If you’re using Grafana Alloy as your OTLP collector, here’s the relevant config that receives from OpenClaw and fans out to the Grafana stack:

otelcol.receiver.otlp "default" {
  http { endpoint = "0.0.0.0:4318" }
  grpc { endpoint = "0.0.0.0:4317" }

  output {
    metrics = [otelcol.processor.batch.default.input]
    logs    = [otelcol.processor.batch.default.input]
    traces  = [otelcol.processor.batch.default.input]
  }
}

otelcol.processor.batch "default" {
  timeout         = "5s"
  send_batch_size = 1024

  output {
    metrics = [otelcol.exporter.prometheus.mimir.input]
    logs    = [otelcol.exporter.loki.default.input]
    traces  = [otelcol.exporter.otlphttp.tempo.input]
  }
}

otelcol.exporter.prometheus "mimir" {
  forward_to = [prometheus.remote_write.mimir.receiver]
}

prometheus.remote_write "mimir" {
  endpoint { url = "http://mimir:9009/api/v1/push" }
}

otelcol.exporter.loki "default" {
  forward_to = [loki.write.default.receiver]
}

loki.write "default" {
  endpoint { url = "http://loki:3100/loki/api/v1/push" }
}

otelcol.exporter.otlphttp "tempo" {
  client {
    endpoint = "http://tempo:4318"
    tls { insecure = true }
  }
}

The full picture

With this in place, I have one Grafana stack covering all my AI agent activity:

Service What it is
claude-code Claude Code sessions (coding)
pi-coding-agent Pi agent sessions (coding)
openclaw-gateway OpenClaw itself (orchestration, messaging, cron)
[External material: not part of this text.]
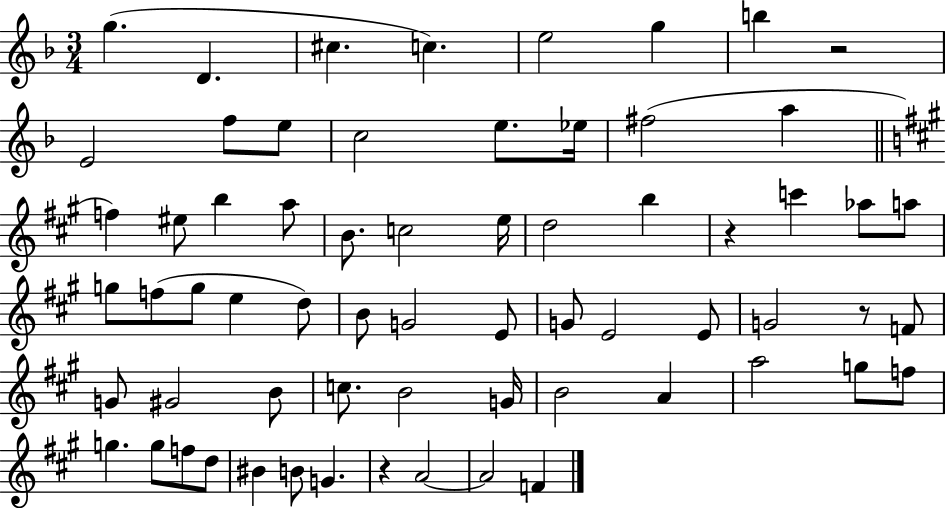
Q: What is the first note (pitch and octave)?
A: G5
Claude Code and Pi report what happens inside coding sessions. OpenClaw reports the orchestration layer — which messages came in, how they were routed, how long the model took, what it cost.
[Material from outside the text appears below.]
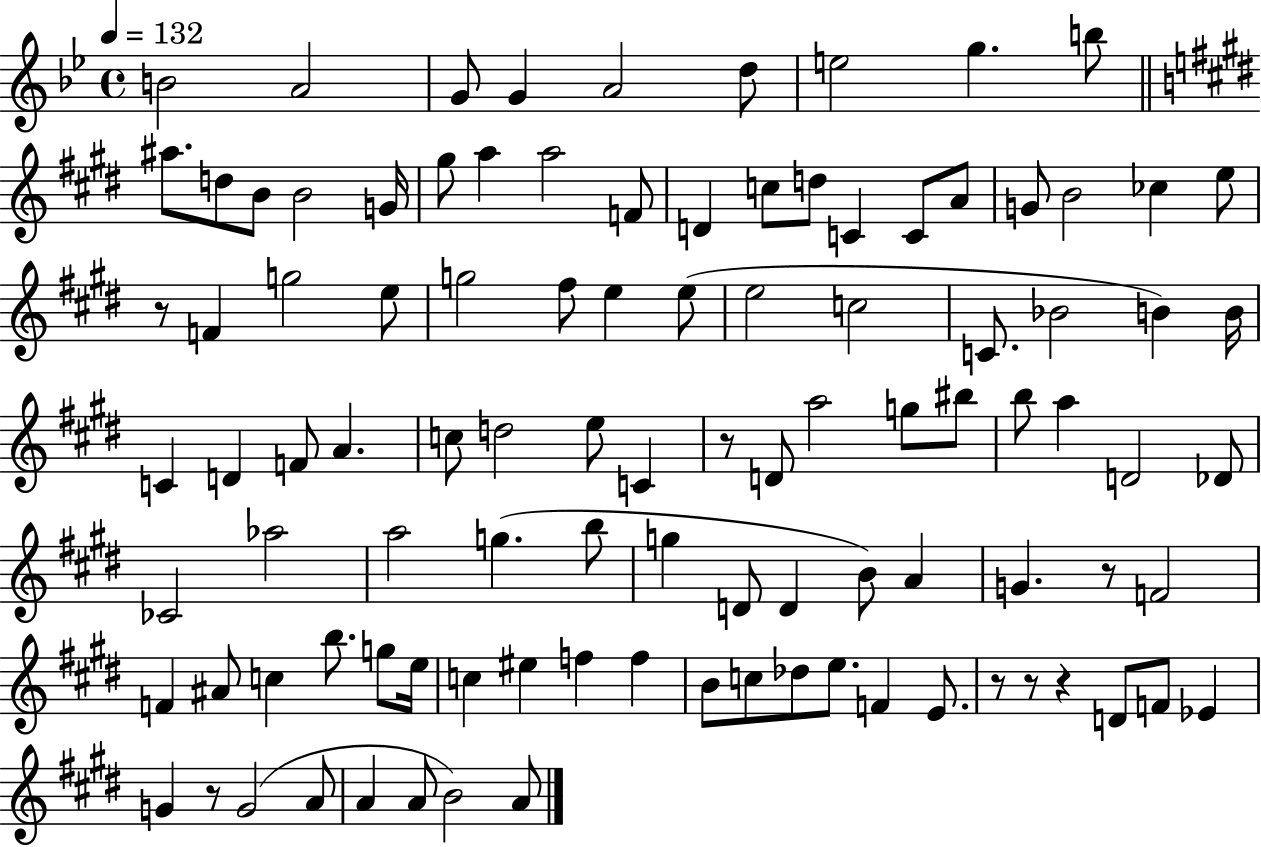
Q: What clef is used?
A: treble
Combined, that’s full visibility from “user sends Discord message” through “OpenClaw spawns a coding agent” to “agent completes and replies.” All in the same Tempo traces, same Mimir metrics, same Grafana dashboards.

Metrics reference

For dashboard builders, here’s the full list:

Metric Type Labels
openclaw_tokens_total counter openclaw_token, openclaw_channel, openclaw_provider, openclaw_model
openclaw_cost_usd_total counter openclaw_channel, openclaw_provider, openclaw_model
openclaw_run_duration_ms_milliseconds histogram openclaw_channel, openclaw_provider, openclaw_model
openclaw_context_tokens histogram openclaw_context, openclaw_channel, openclaw_provider, openclaw_model
openclaw_message_processed_total counter openclaw_channel, openclaw_outcome
openclaw_message_queued_total counter openclaw_channel, openclaw_source
openclaw_message_duration_ms_milliseconds histogram openclaw_channel, openclaw_outcome
openclaw_webhook_received_total counter openclaw_channel, openclaw_webhook
openclaw_webhook_duration_ms_milliseconds histogram openclaw_channel, openclaw_webhook
openclaw_queue_depth histogram openclaw_lane
openclaw_queue_wait_ms_milliseconds histogram openclaw_lane
openclaw_session_state_total counter openclaw_state, openclaw_reason
openclaw_session_stuck_total counter openclaw_state

The _milliseconds suffix is an artifact of Alloy’s Prometheus conversion — the OTEL metric names use _ms but the Prometheus exporter appends the unit.

What’s next

I want to add alerting — notify me when session stuck count spikes or when daily cost exceeds a threshold. Grafana Alerting can do this directly from the Mimir metrics. That’s a post for another day.

The dashboard JSON is open and editable. If you build something better, I’d love to see it.